1966 Stanley Cup Finals


The 1966 Stanley Cup Finals was the championship series of the National Hockey League's 1965–66 season, and the culmination of the 1966 Stanley Cup playoffs. It was contested by the Detroit Red Wings and the defending champion Montreal Canadiens. The Canadiens won the best-of-seven series, four games to two, to win the Stanley Cup for the seventh time in eleven years.

Paths to the Finals

Montreal defeated the Toronto Maple Leafs 4–0 to advance to the finals, and Detroit defeated the Chicago Black Hawks 4–2.

Game summaries

With this series, Toe Blake had coached the Canadiens to seven Cups in eleven years. Henri Richard, a member of all seven championship teams, would score the series winner in game six in overtime. Two minutes into the extra period, Richard broke in on Red Wing goalie Roger Crozier, lost his footing on the newly resurfaced ice as he cut across the goalmouth, and sprawled into Crozier. The puck went in, and even though Crozier and the Wings protested that Richard had pushed the puck in with his hand, the goal stood.
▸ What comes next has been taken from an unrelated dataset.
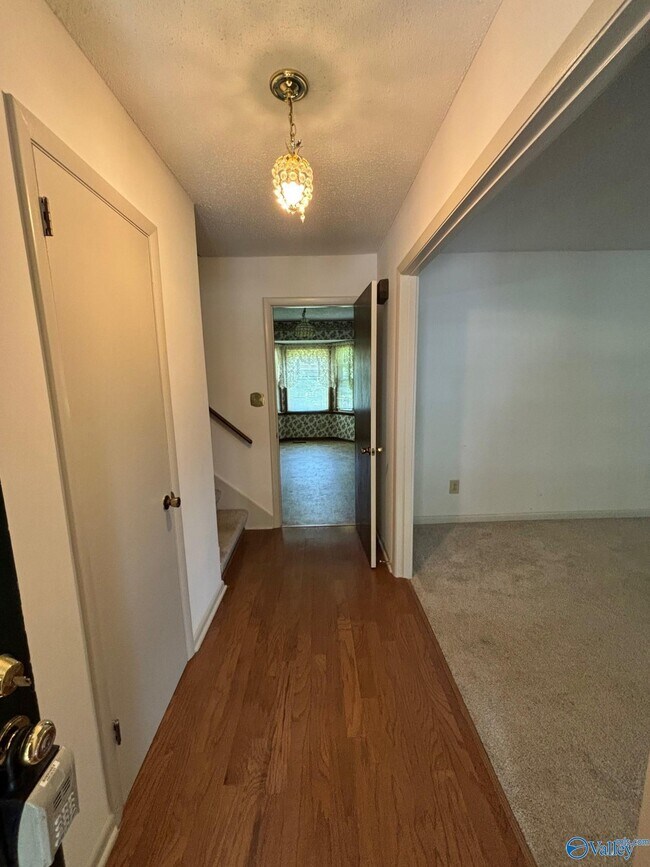 Building Photo - 1925 Lynnbrook Dr SW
His brilliant play in goal, even in defeat, earned Crozier the Conn Smythe Trophy as the most valuable player in the playoffs.
Roger Crozier wins Conn Smythe Trophy.

Montreal Canadiens 1966 Stanley Cup champions

Stanley Cup engravings

In 1966, NBC became the first television network in the United States to air a national broadcast of a Stanley Cup Playoff game. The network provided coverage of four Sunday afternoon playoff games during the postseason. On April 10 and April 17, NBC aired semifinal games between the Chicago Black Hawks and the Detroit Red Wings. On April 24 and May 1, NBC aired Games 1 and 4 of the Stanley Cup Finals between the Montreal Canadiens and the Detroit Red Wings. Win Elliot served as the play-by-play man while Bill Mazer served as the color commentator for the games.
NBC's coverage of the 1966 Stanley Cup Finals marked the first time that hockey games were broadcast on network television in color. The CBC would follow suit the following year. NBC's Stanley Cup coverage preempted a sports anthology series called NBC Sports in Action, hosted by Jim Simpson and Bill Cullen, who were between-periods co-hosts for the Stanley Cup broadcasts.